ABOUT THIS TASK> In this exercise, print only the lines of the records below from the one with "PARDON | Plain knit vest in 4 colors" through the one with "sourcing map Threaded", inclusive. Pictures are not part of the copy.

[[ INFORMATION PROVIDED open ]]

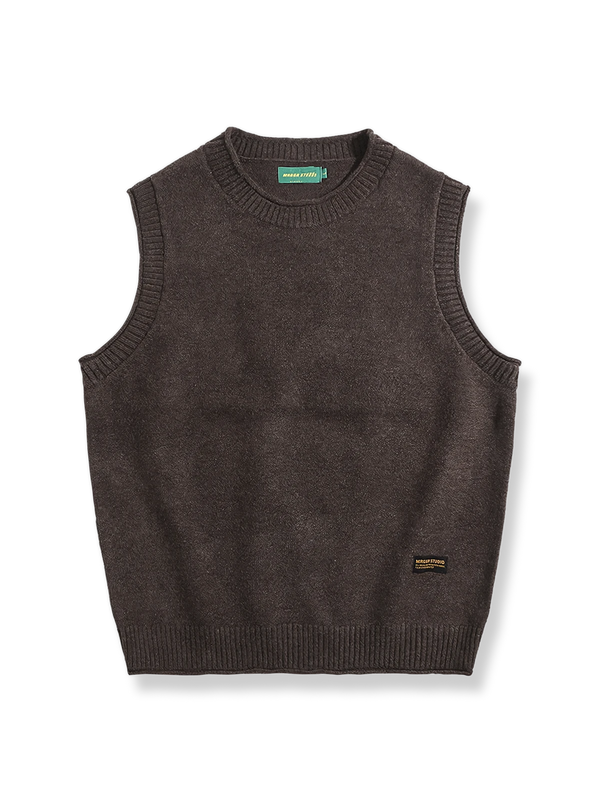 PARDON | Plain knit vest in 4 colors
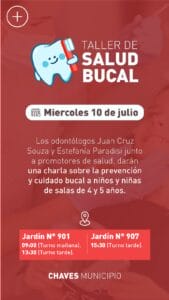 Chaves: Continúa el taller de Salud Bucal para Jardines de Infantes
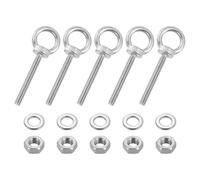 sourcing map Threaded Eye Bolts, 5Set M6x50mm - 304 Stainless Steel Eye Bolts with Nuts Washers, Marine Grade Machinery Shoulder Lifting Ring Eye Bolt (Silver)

[[ INFORMATION PROVIDED closed ]]
[[ INFORMATION PROVIDED open ]]

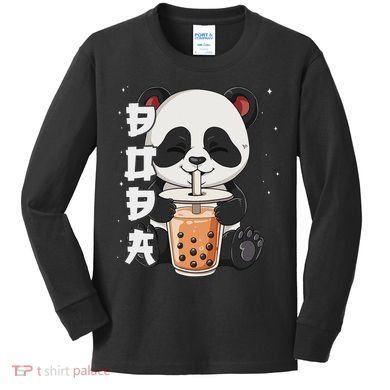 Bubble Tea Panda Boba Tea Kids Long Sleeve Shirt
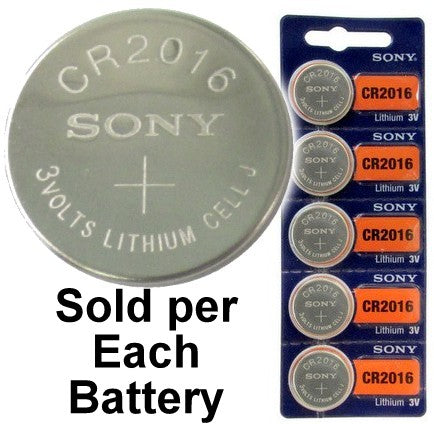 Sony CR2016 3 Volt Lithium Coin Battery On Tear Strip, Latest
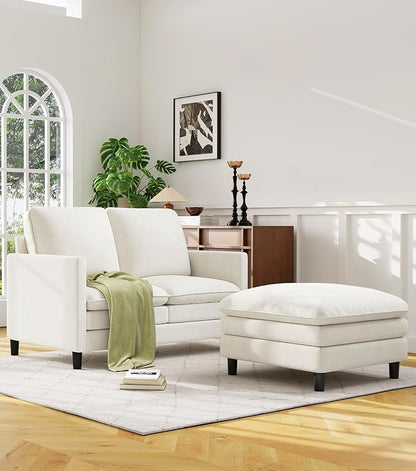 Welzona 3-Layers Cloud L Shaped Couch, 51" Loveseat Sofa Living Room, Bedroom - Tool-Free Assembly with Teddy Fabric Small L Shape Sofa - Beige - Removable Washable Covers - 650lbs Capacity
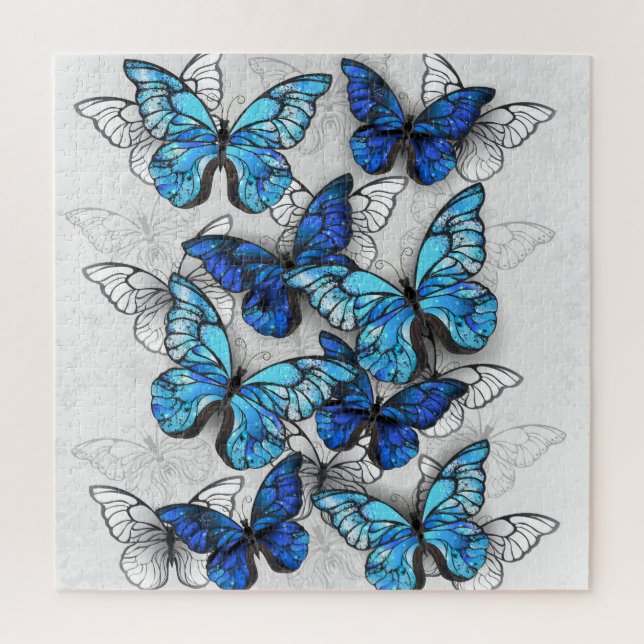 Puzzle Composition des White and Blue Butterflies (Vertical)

[[ INFORMATION PROVIDED closed ]]

RESPONSE AREA>
 PARDON | Plain knit vest in 4 colors
 Chaves: Continúa el taller de Salud Bucal para Jardines de Infantes
 sourcing map Threaded Eye Bolts, 5Set M6x50mm - 304 Stainless Steel Eye Bolts with Nuts Washers, Marine Grade Machinery Shoulder Lifting Ring Eye Bolt (Silver)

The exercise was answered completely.